Do you believe in coincidences? The title for this blogpost was dictated by the song.
The year is finalizing itself. And just writing that I remembered an old expression. Have you lived a year, or has the year lived you? “I have been really really lucky to have learned few things quite early” – ego talk. I could go on and on – on the things I went through and I would not reach you, my friend. I have to become YOU, to speak to you.
I have no time. I haven’t had time since the kids were born as far as I remember, maybe even before that. They are wonderful and I love them more than I could imagine, but I get this weird feeling sometimes that I rushed into it.
I love my wife. She’s my passion and my best friend. I could not ask for any other human being. Although not a year passes, that I would not remember that party, that glimpse, that reached down my soul and I was too afraid to do anything about that.

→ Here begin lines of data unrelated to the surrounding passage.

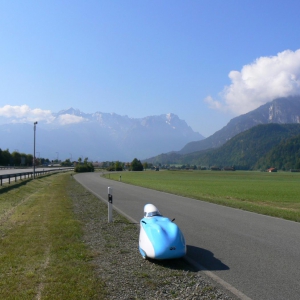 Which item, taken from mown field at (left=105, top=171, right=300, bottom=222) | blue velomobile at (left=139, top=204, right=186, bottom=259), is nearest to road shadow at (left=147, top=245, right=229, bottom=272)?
blue velomobile at (left=139, top=204, right=186, bottom=259)

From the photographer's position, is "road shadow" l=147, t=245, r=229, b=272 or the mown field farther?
the mown field

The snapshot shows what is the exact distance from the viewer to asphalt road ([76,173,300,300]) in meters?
6.34

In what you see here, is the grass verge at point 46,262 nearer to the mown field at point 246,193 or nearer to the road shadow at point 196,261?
the road shadow at point 196,261

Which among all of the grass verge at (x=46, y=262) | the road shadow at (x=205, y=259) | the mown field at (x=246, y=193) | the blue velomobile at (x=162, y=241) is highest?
the blue velomobile at (x=162, y=241)

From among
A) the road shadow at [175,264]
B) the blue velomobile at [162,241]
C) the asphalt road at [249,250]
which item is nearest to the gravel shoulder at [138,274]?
the road shadow at [175,264]

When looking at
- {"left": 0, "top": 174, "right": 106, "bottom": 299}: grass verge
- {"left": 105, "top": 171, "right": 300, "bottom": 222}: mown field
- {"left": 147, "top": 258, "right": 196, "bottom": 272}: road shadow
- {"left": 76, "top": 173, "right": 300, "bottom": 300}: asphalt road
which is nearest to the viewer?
{"left": 0, "top": 174, "right": 106, "bottom": 299}: grass verge

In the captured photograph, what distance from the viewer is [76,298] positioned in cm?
559

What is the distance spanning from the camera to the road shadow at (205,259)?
24.5 ft

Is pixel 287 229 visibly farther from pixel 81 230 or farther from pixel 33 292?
pixel 33 292

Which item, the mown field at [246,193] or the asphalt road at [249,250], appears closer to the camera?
the asphalt road at [249,250]

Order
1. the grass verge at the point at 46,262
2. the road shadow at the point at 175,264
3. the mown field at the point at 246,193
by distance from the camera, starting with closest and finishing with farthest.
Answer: the grass verge at the point at 46,262 → the road shadow at the point at 175,264 → the mown field at the point at 246,193

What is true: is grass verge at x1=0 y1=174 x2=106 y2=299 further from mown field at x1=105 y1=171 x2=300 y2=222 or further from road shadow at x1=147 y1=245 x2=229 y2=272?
mown field at x1=105 y1=171 x2=300 y2=222

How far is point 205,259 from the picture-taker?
8.09 m

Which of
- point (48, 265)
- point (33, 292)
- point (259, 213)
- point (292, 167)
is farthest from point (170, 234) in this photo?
point (292, 167) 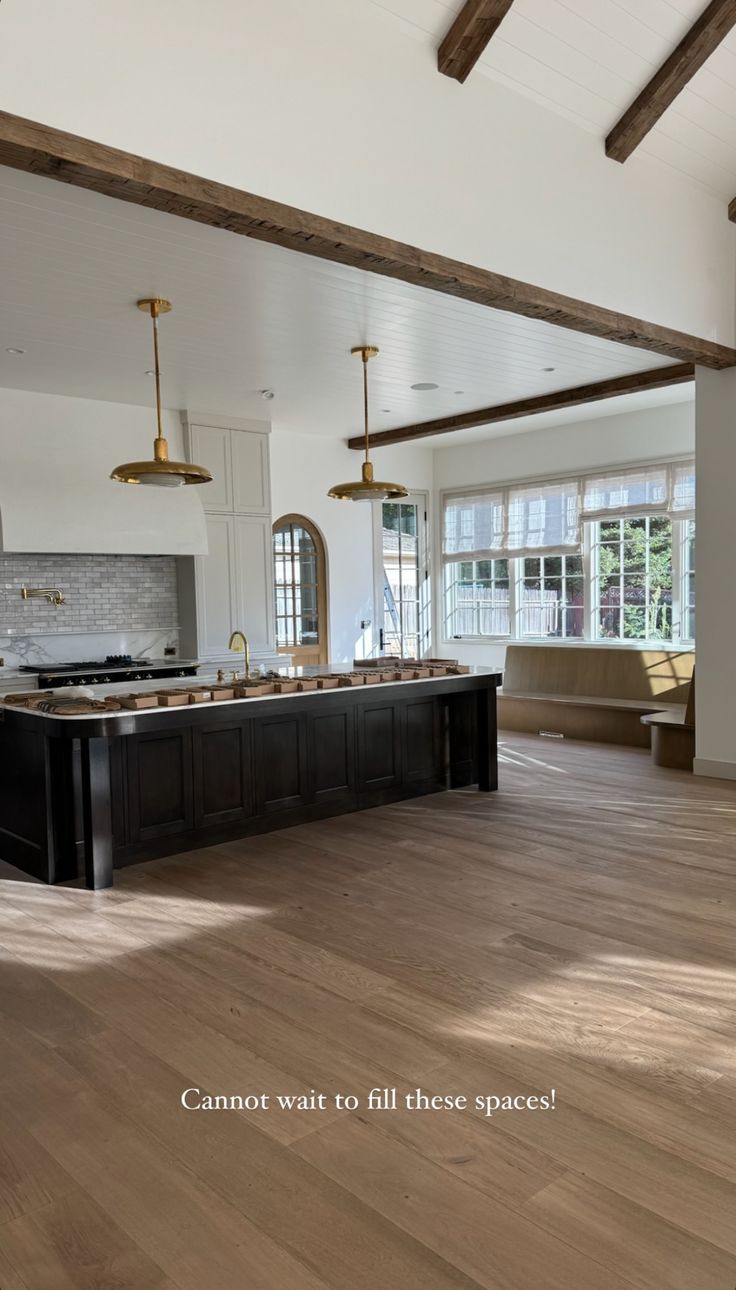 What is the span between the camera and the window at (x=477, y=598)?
10227 mm

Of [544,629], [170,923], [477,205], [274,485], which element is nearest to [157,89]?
[477,205]

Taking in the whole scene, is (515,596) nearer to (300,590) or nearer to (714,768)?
(300,590)

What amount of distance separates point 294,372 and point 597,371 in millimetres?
2296

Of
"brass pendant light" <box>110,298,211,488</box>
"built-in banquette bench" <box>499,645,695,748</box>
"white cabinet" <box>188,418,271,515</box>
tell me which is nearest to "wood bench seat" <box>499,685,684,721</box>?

My job is ok. That’s a solid pay that ensures my family’s security. I’m well respected among my colleagues and occasional work trips are a great way to wind out and escape routine and lovely screams at home. Monday morning is a bitch though.

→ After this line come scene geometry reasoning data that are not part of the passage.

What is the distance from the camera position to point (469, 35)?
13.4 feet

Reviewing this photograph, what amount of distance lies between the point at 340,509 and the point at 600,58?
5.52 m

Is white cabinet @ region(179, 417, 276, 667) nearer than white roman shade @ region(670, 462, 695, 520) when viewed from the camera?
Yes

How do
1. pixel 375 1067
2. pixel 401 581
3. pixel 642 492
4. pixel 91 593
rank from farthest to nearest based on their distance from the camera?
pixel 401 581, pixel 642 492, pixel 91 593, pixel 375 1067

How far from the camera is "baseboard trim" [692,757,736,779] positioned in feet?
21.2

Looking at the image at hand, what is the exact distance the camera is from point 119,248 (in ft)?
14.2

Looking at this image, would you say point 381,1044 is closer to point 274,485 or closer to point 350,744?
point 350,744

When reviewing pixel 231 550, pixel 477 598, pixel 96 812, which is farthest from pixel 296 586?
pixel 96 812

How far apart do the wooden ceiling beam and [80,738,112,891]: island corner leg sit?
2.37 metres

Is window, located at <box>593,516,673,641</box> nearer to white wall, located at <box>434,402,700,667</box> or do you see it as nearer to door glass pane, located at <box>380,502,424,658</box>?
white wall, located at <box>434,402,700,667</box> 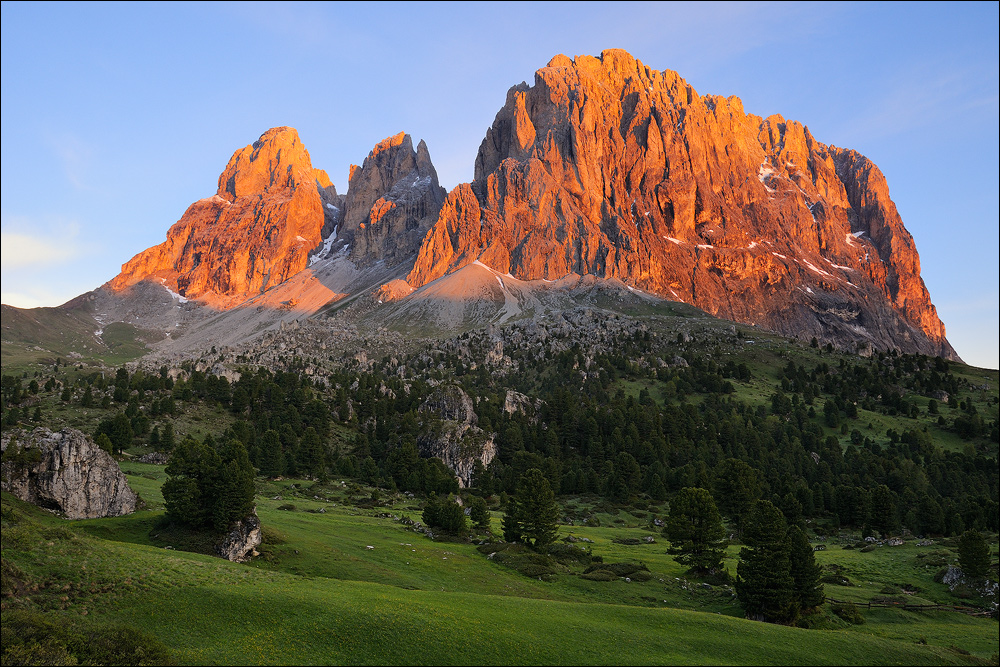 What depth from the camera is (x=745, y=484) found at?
114 metres

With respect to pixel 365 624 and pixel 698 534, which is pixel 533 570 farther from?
pixel 365 624

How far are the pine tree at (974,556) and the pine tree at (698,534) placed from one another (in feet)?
85.7

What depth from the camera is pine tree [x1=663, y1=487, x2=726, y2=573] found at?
6869 centimetres

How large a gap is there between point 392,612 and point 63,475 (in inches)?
1912

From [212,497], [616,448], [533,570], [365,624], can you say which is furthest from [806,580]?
[616,448]

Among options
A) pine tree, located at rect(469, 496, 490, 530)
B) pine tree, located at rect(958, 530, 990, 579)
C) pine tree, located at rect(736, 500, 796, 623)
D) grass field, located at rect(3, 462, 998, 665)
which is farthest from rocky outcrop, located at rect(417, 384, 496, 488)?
pine tree, located at rect(958, 530, 990, 579)

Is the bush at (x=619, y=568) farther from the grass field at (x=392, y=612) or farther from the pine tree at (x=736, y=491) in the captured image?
the pine tree at (x=736, y=491)

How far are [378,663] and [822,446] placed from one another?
573ft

My father is getting old. Everyone does but seeing your roots rot is something no one warned me about. Sometimes I want to cry, but can’t. Not because I couldn’t. But because I have no time. It seems like this whole life is nothing but a stream of problems thrown at me.
I remember the simpler times. Me and my friends used to hang out in the summers. Burn campfires, watch sunsets, listen to music. I had no fucking clue it would accelerate this fast. Yesterday I was learning to ride a bicycle. Yesterday we pranked the history teacher. Yesterday I was going to festivals. Yesterday I met my future wife. And today my fucking back hurts already.
Ok, I remember now. …I had bigger dreams. Not that what I have now is bad, I love my life, but along the way there were so many choices… and… no, it can’… I choose good. This is good.
When I reach zero, you will wake up. 0.